One of the central points from this Matthew text surrounds the importance of the Magi coming to pay homage to the infant Jesus. If one reads Matthew 2:1-12 carefully there are several points to reflect upon.
First, the Magi text is central to Matthew's understanding of Jesus. Indeed the Magi scene is unique to Matthew and I think central to Matthew's understanding of Jesus for the community to whom he was writing.
Second, nothing else is said of the Magi except that they gave their gifts of gold, frankincense, and myrrh. This would seem to confirm that their motivation was not to have any discussion even with Mary. No words are reported that will distract from the homage being paid.
Third, it is noteworthy that in Matthew it says nothing about Joseph in the scene with the Magi. Of course Joseph is important to Matthew's larger depiction at the beginning of his gospel. If you look at the history of art regarding the nativity scene you will want to observe and ask as you look at the scenes, "Is Joseph depicted?" Certainly he is in a good number of them. However, if you look at the painting of Albrecht Durer (1471-1528), "Adoration of the Christ Child by the Three Wisemen (1504), there is no Joseph. Of course there are many questions and observations that can be raised about the representations of the Magi and the surrounding scene in any of the artistic renditions.

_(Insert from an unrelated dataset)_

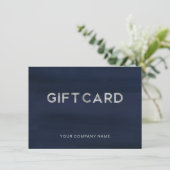 Modernes Glam Navy Blue und Silver | Geschenkkarte (Stehend Vorderseite)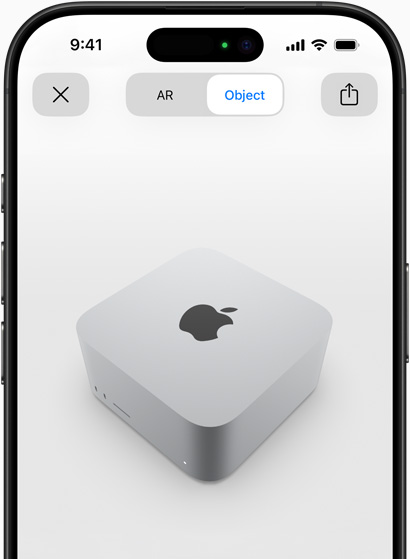 Aperçu du Mac Studio en réalité augmentée sur iPhone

Fourth, Matthew's entire prophecy-fulfillment theme is reenforced in numerous ways: Matthew 1:23 uses Isaiah 7:14 even transforming the Hebrew "young woman is pregnant." The transformation begins by making the "young woman" a "virgin" and suggesting that even in Isaiah the event was in the future, not in the present as the Isaiah text suggests. Certainly the flight to Egypt (Matthew 2:15) was influenced by Hosea 11:1. The Magi scene gains its importance for Matthew because of the use of two scriptural allusions. The first is Psalm 72:10-11 regarding kings bringing forth gifts and kneeling down and Isaiah 60:6 regarding the the gifts the Magi bring (L. Michael White, Scripting Jesus, HarperOne 2010). Certainly the "star rising" in Matthew 2:2 has been influenced by Numbers 24:15-17.
All of these and other allusions in Jewish literature drive home the point that the Magi are in Matthew's gospel to urge us to understand the necessity of paying homage to Jesus even as an infant. Remember homage is a demonstration of dedication in indirect and direct ways. Matthew's infant Jesus is both the Davidic messiah and a prophet like Moses. On this Epiphany Sunday we are called to recognize that Immanuel, God with us (Matthew 1:23), and the delivery of God's Son (Matthew 2:15) is a moment of high expectation. Whatever the questions we come with during this new year enable us to develop a refreshed and inspired sense of Christian homage. The Magi brought in silence their most valued gift they could find. May we learn anew ways to bring our gifts to glorify God and enjoy God's gift forever.